This month is the (lucky) 13th T-SQL Tuesday and is being hosted by Steve Jones (blog | twitter). Steve is asking about issues we’ve had interacting with a business in order to get the job done. Specifying project requirements often leads to the classic problem of “do what I meant, not what I said!”. In my opinion, a lot of it deals with the spirit of what the business means. Here’s a few examples:
The business might mean well, but not know what they’re talking about. A while back I applied for a DBA position where the job description made it very clear that familiarity with transactional replication was essential. The interview reflected this as well, and a significant portion of it consisted of transactional replication questions. The interviewer explained to me that they have some rather “unique requirements” that make transactional replication essential, and proceeded to explain them to me. I told the interviewer that based on their description, snapshot replication may be more appropriate than transactional replication. They told me that the last DBA felt the same way, but the manager in charge explicitly specified to only use transactional replication. I’m willing to bet that the manager in charge probably only understood transactional replication, so they wouldn’t allow anything else to be used.

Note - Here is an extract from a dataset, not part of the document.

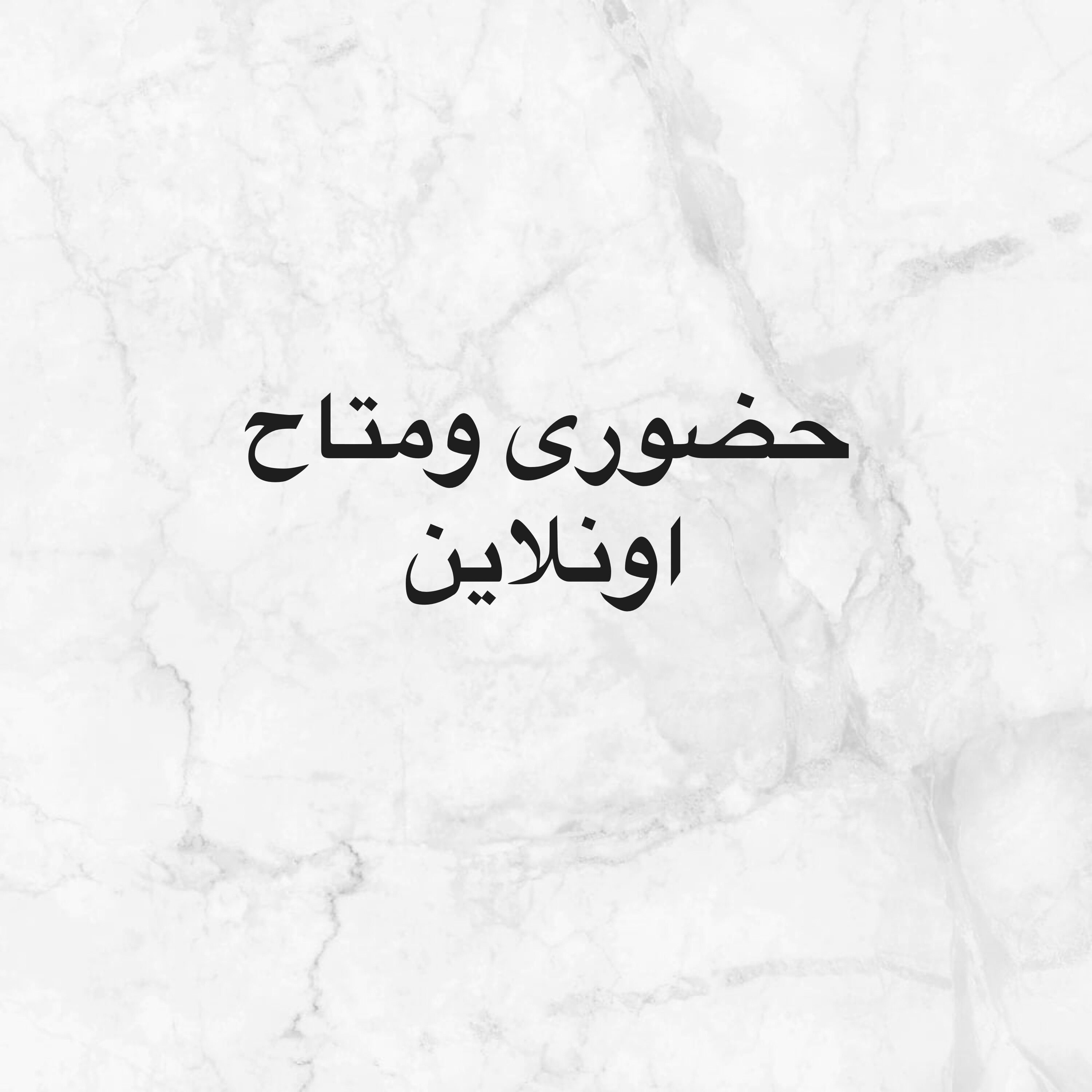 مدرس كيمياء خبره كبيره - 3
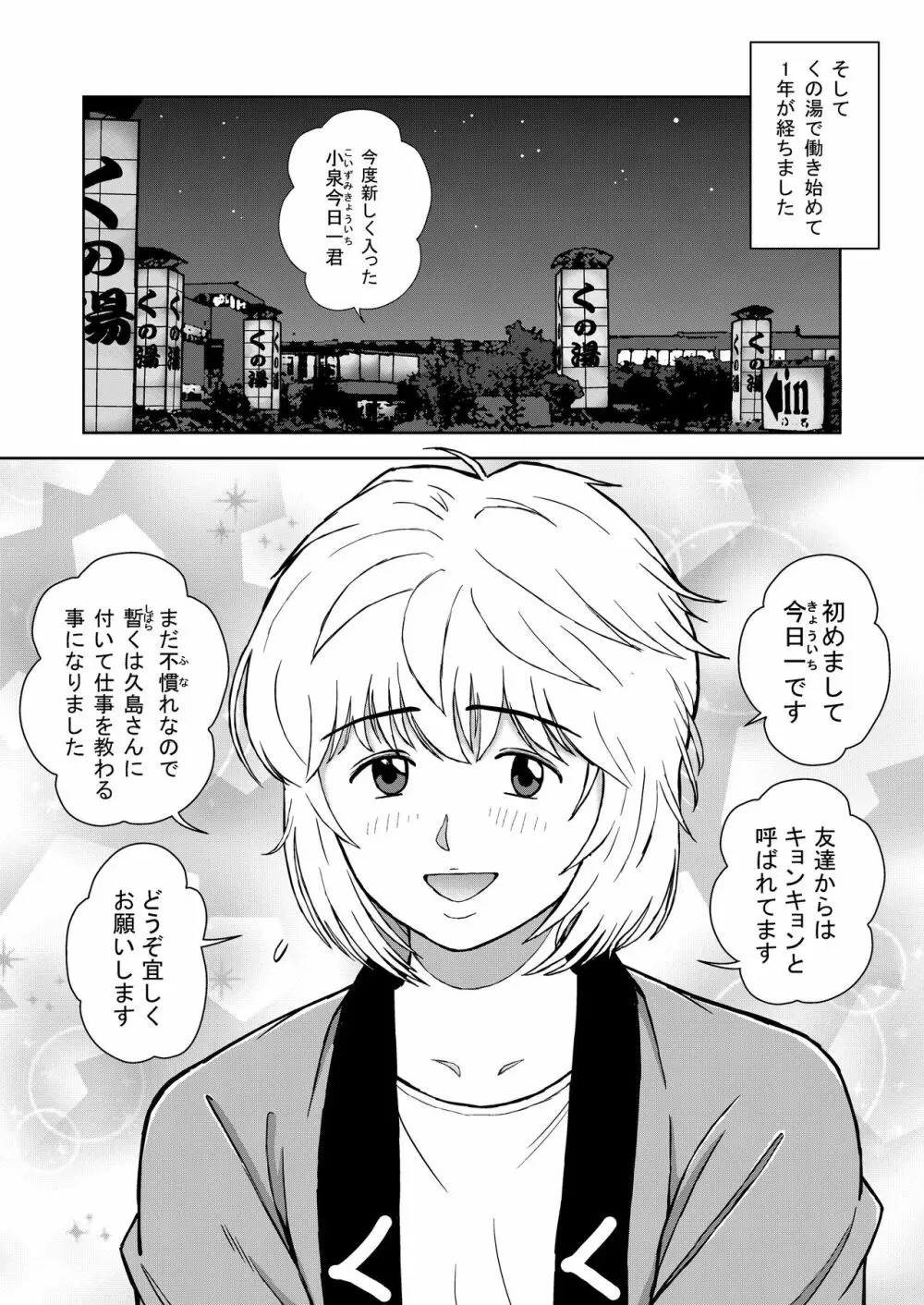 くの湯 十二発め 明菜のライバル Page.2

The business might not mean well. Once upon a time, my team was working on adding some enhanced options for users, including the ability to “opt-in” to receiving marketing emails. The conversation with management went something like this:
Mgmt: Let’s opt-in all the users to start with
Us: But then that’s “opt-out”, not “opt-in”
Mgmt: No it isn’t. We’re opting-in all the users automatically and letting them know they can opt-out at any time, so it’s “opt-in”.
Us: OK – let’s review the concepts of “opt-in” vs. “opt-out”…
Mgmt: We’re still going to opt-in all our users and let them opt-out if they want.
The business might not even care. I can think of a few times where I’ve been told to “just start coding” instead of taking the time to plan things out and do it the right way. After all, trying to think things through is just a waste of time, right? When I pushed back at management for this, I was told that “[their] bonus depends on getting things done, not getting things done correctly.”
I consider all of these cases to be “extreme”, but a great solution to many of these problems involves two-way communication. If both sides are talking and listening to each other, the chances of things getting to the point of ridiculousness are greatly reduced.